(DATA LISTING begins)
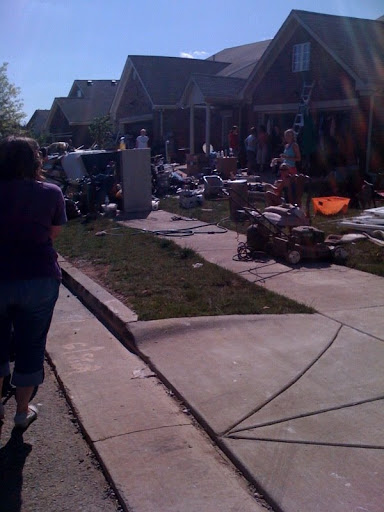 The debris piles kept growing.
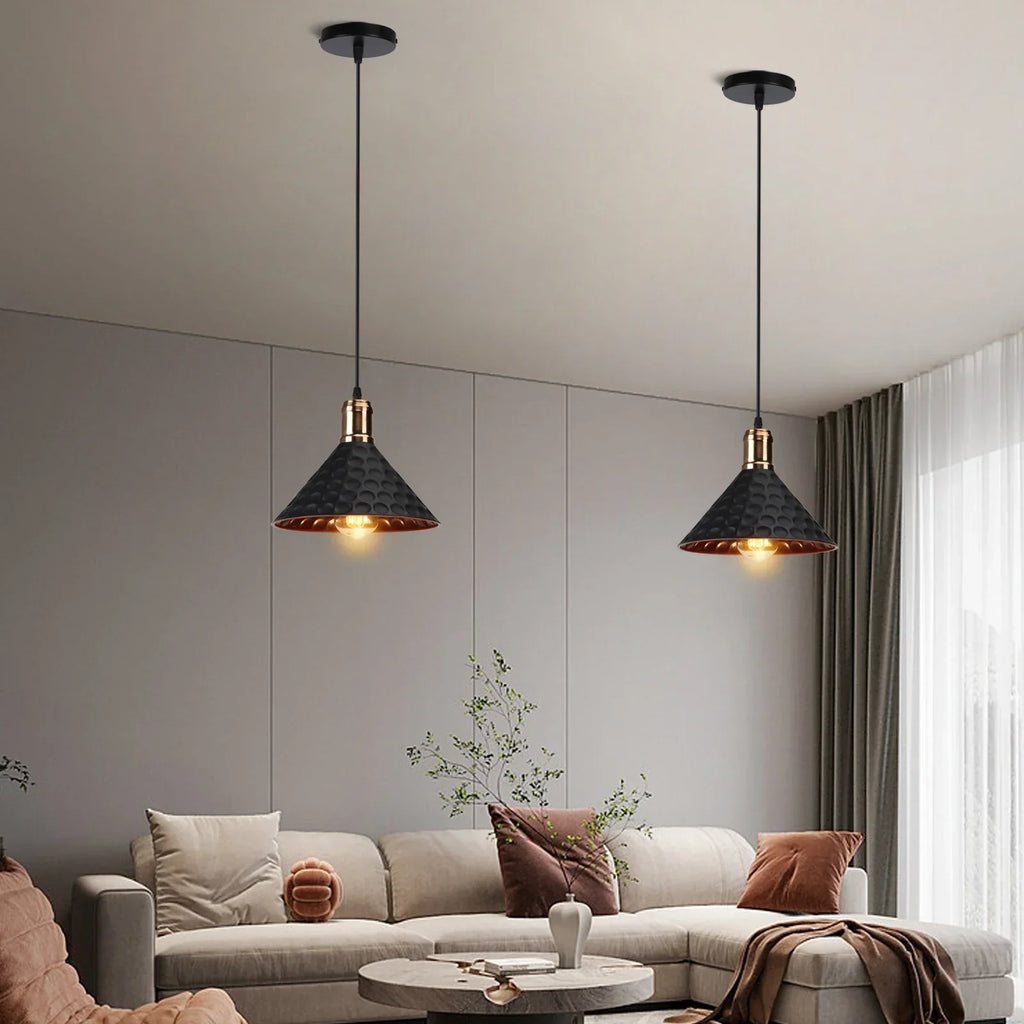 Retro Chandelier Pendant Light | Industrial E27 Fixture for Modern Living Room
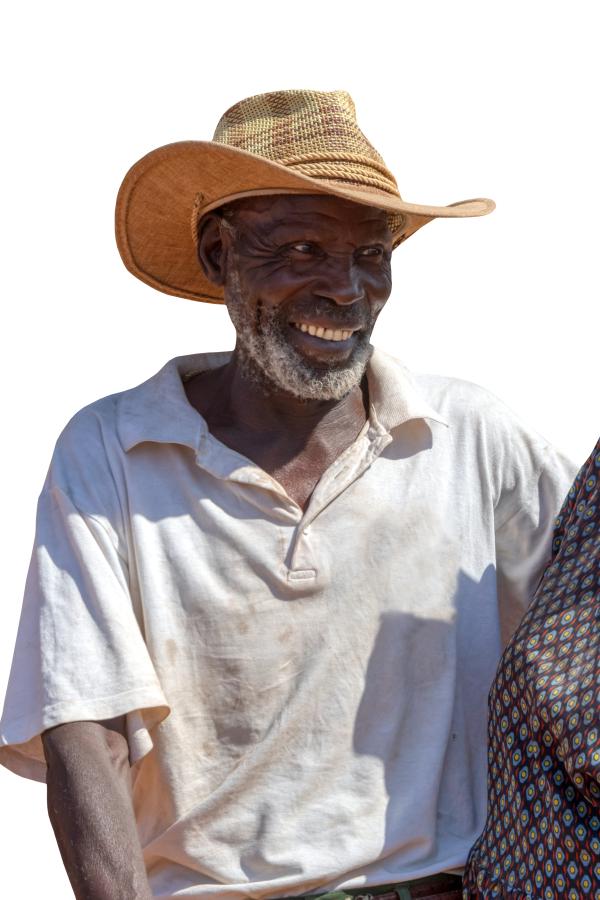 African couple embracing each other and smiling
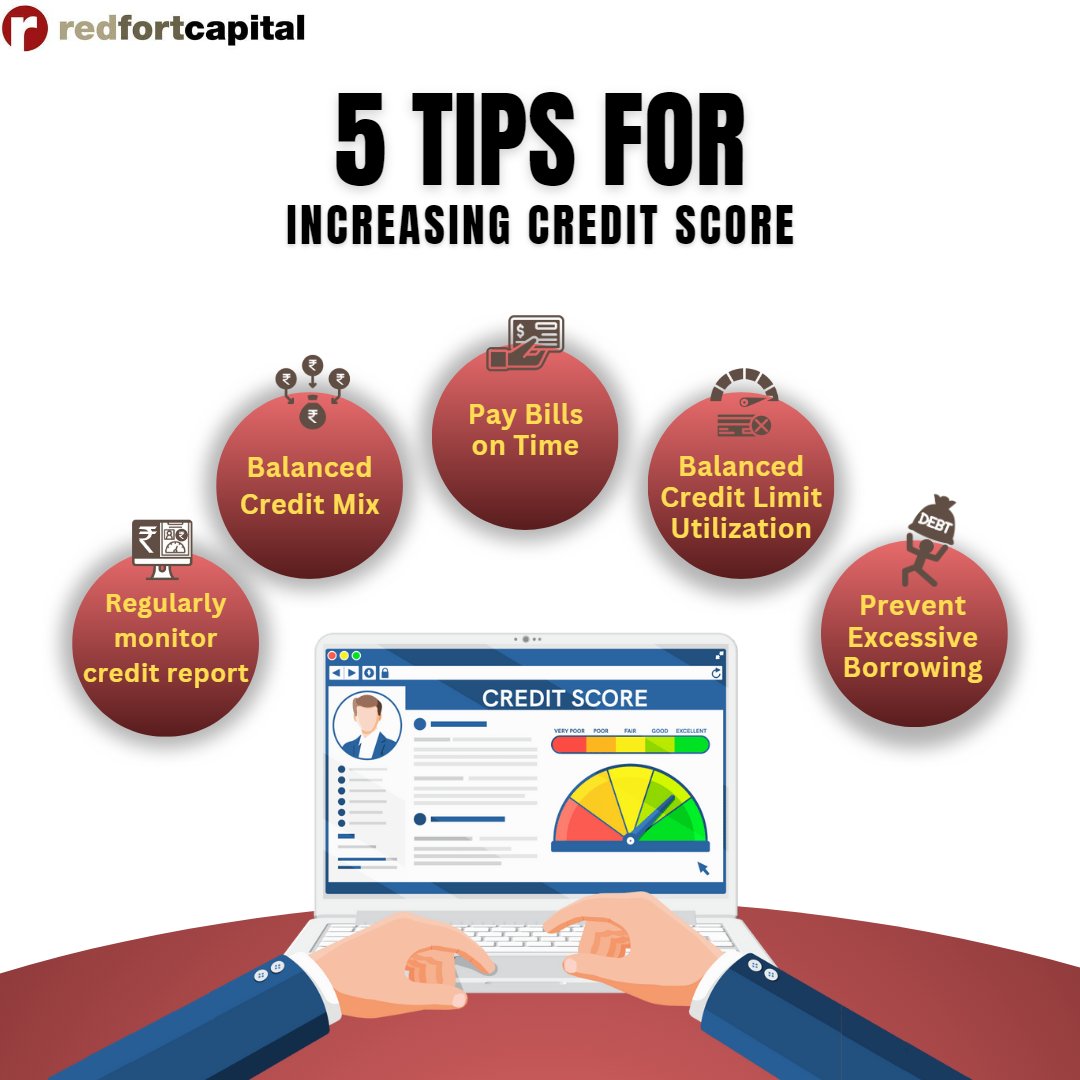 redfortcapital's tweet photo. RFC Knowledge Bites #6
5 Tips for Increasing Credit Score
#creditscore #creditscoretips #redfortcapital #knowledgeispower #knowledgebites #rfcknowledgebites #banks #msmes #nbfc #quickbusinessloans https://t.co/1LCtaykjS7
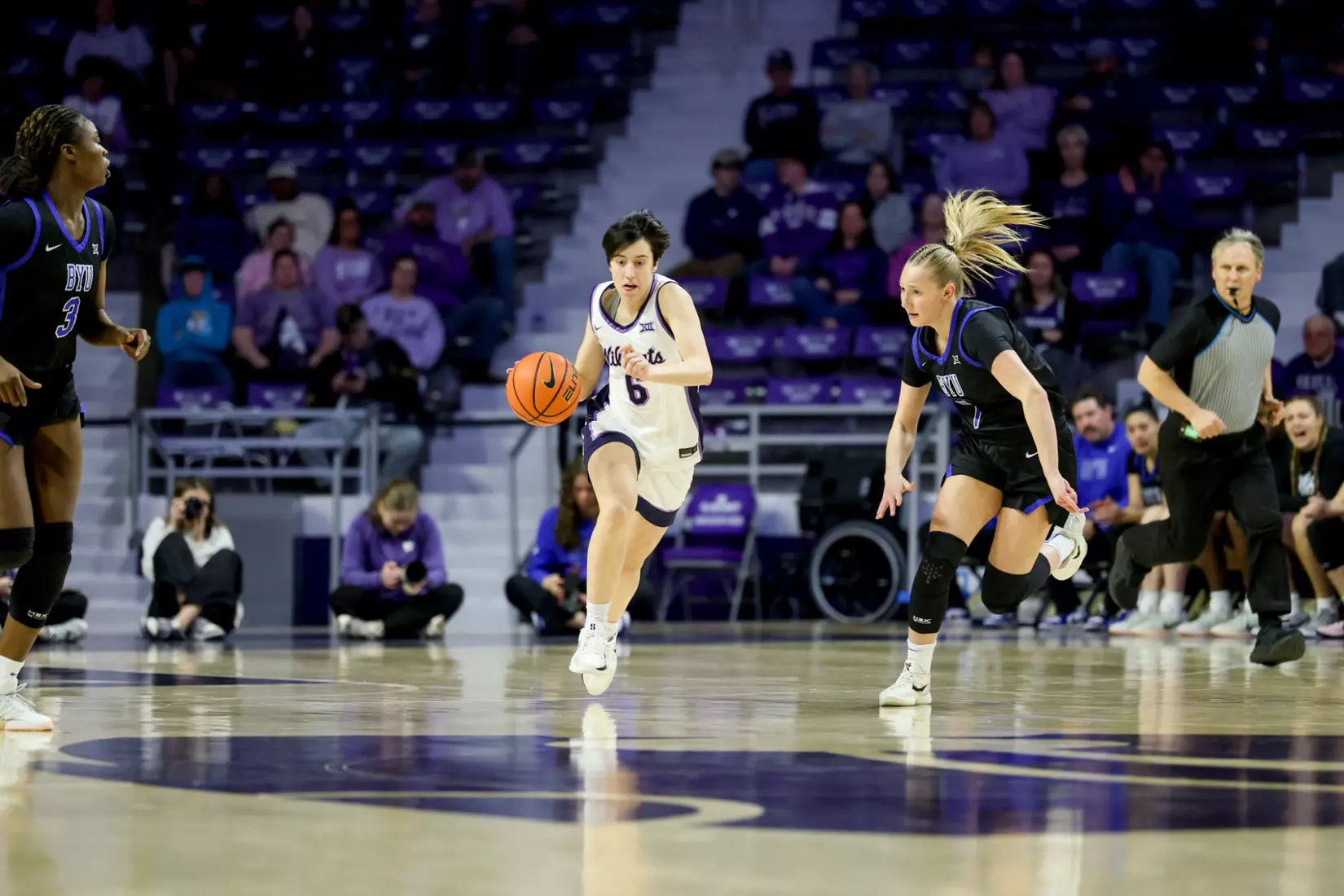 K-State National Girls and Women in Sports Day, February 7, 2026.
Final: K-State 77, BYU 52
(DATA LISTING ends)
| PROBLEM STATEMENT |
Images are not part of the copy. Everything else in the records must be reproduced exactly.

| ANSWER TO THIS TASK |
 The debris piles kept growing.
 Retro Chandelier Pendant Light | Industrial E27 Fixture for Modern Living Room
 African couple embracing each other and smiling
 redfortcapital's tweet photo. RFC Knowledge Bites #6
5 Tips for Increasing Credit Score
#creditscore #creditscoretips #redfortcapital #knowledgeispower #knowledgebites #rfcknowledgebites #banks #msmes #nbfc #quickbusinessloans https://t.co/1LCtaykjS7
 K-State National Girls and Women in Sports Day, February 7, 2026.
Final: K-State 77, BYU 52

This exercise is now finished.